Top of DATASET EXTRACT

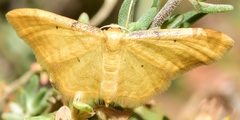 Idaea lutulentaria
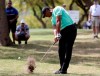 Tiger Woods hits from the rough on the sixth hole during round-robin play at the Dell Match Play Championship golf tournament, Thursday, March 28, 2019, in Austin, Texas. (AP Photo/Eric Gay)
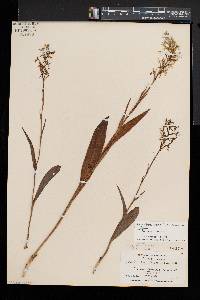 Platanthera lacera image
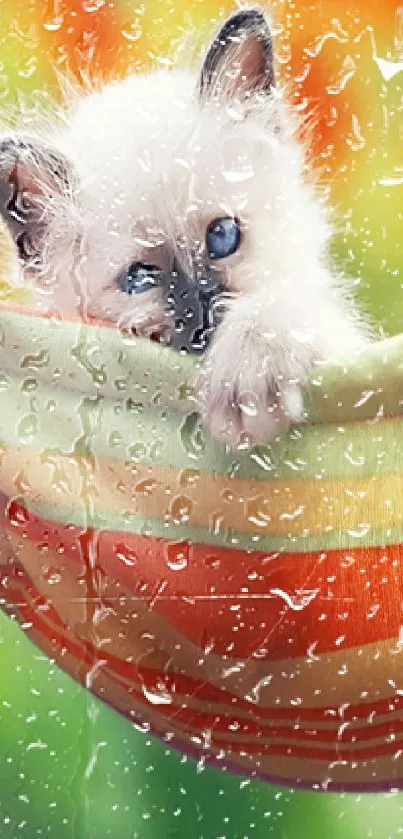 Cute kitten nestled in a colorful hammock with vibrant background.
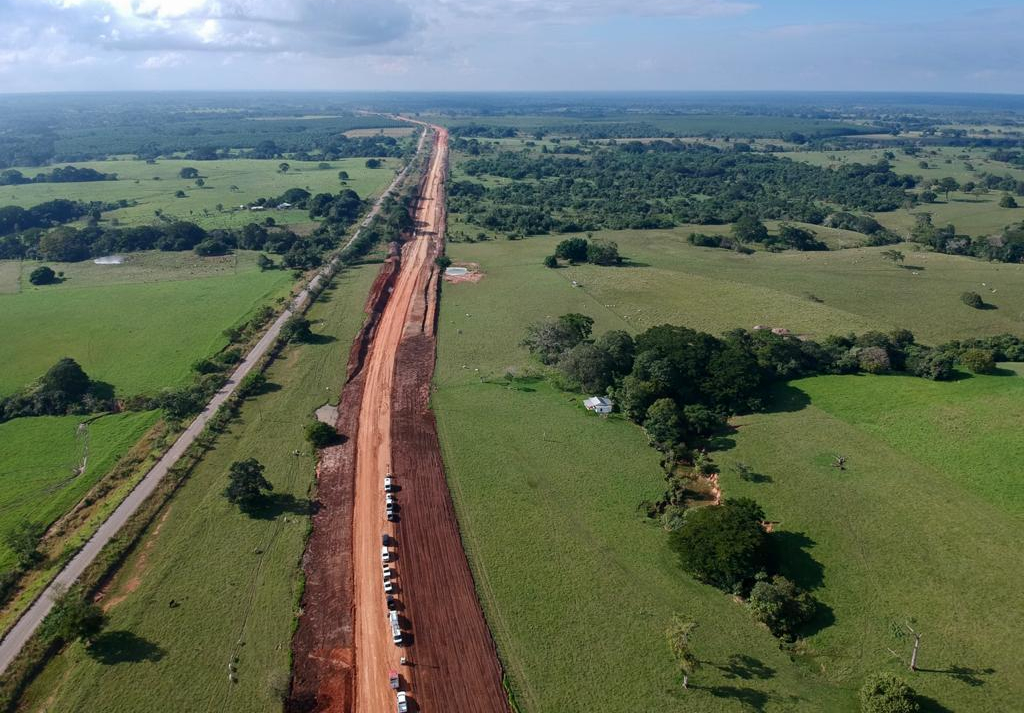 Tren Maya: denunciaron tala de árboles en Playa del Carmen.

Bottom of DATASET EXTRACT

WORK INSTRUCTION: Would you set down the entries exactly as given, minus their pictures?

ANSWER BELOW:
 Idaea lutulentaria
 Tiger Woods hits from the rough on the sixth hole during round-robin play at the Dell Match Play Championship golf tournament, Thursday, March 28, 2019, in Austin, Texas. (AP Photo/Eric Gay)
 Platanthera lacera image
 Cute kitten nestled in a colorful hammock with vibrant background.
 Tren Maya: denunciaron tala de árboles en Playa del Carmen.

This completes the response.